Why the sudden glut of blond footballers? A conversation I had with the artist back in 1966 gave me a clue. . .

In 1966, I went to interview David Hockney at a rather run-down flat in Bayswater, central London. He was 28 and had just won a gold medal at the Royal College of Art.

In his lavatory, I noticed a cut-out photograph from a newspaper of Denis Law scoring a goal. I asked if he was a football fan. He said no, he just liked Denis Law’s thighs.

The sub-editors cut that remark out of the story, to save any gossip or legal problems. In 1966 homosexual activity could still be an offence.

Hockney and a friend had recently been in the United States and had been watching an advert on TV that said “Blondes have more fun”. At two o’clock in the morning, slightly drunk, they both went out, bought some hair dye and became blond. Hockney decided to remain blond from then on, though he has naturally dark hair.

Is it true that blonds have more fun? Lionel Messi presumably thinks so, otherwise why has he greeted this brand-new season with that weird blond hair? We look at his face, his figure, his posture and we know it’s him – then we blink, thinking what the heck, does he realise some joker has been pouring stuff on his head?

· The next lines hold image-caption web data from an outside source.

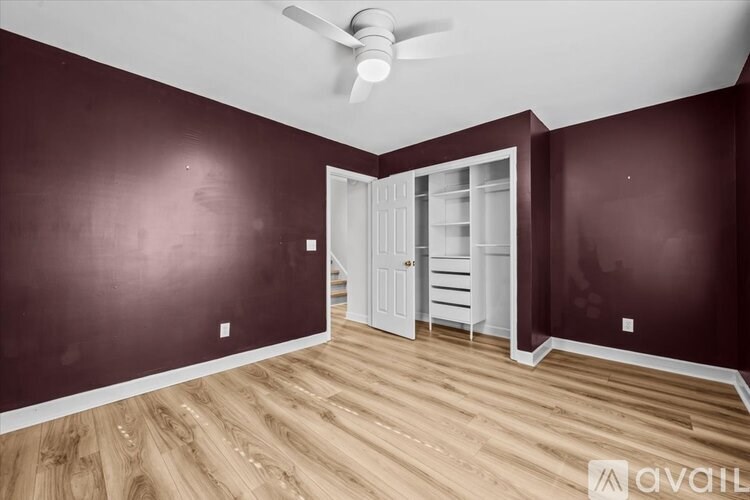 A room with a ceiling fan and a doorway leading to another room.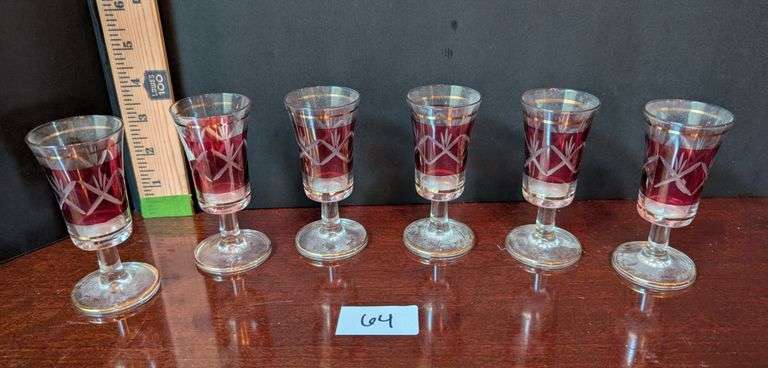 6 pc. Ruby Red gold trimmed cordial glasses(located in dining room)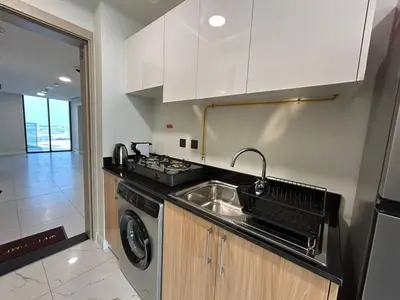 a kitchen with a sink and a washing machine at Spacious 1BR - Alexis Tower 1 - Close to Metro in Dubai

He has always been such a staid, old-fashioned-looking lad, never messing around with his hair till now. Neymar, beside him, has gone even blonder, but somehow we expect it of him. He had foony hair even before he left Brazil.

Over here, blonds are popping up all over the shop. Most teams now have a born-again blondie. It must take a fortune for Marouane Fellaini of Man United to brighten up his hair, as he has so much. But it’s already fading. Cheapskate.

Mesut Özil of Arsenal held back, not going the full head, just bits of it, which I suspect is a clue to his wavering, hesitant personality. His colleague Aaron Ramsey has almost the full blond monty. Paul Pogba of Man United has a sort of blond streak, more like a marker pen than a makeover. His colleague Phil Jones has appeared blond, but he seems to have disappeared from the team sheet. Samir Nasri of Man City went startlingly blond, but is on loan to Seville, so we’re not able to enjoy his locks. And Didier Ndong of Sunderland is a striking blond, thanks to gallons of bleach.

Remember the Romanians in the 1998 World Cup? They suddenly appeared blond, every one of them. God, that was brilliant. One of my all-time best World Cup moments, and I was at Wembley in 1966.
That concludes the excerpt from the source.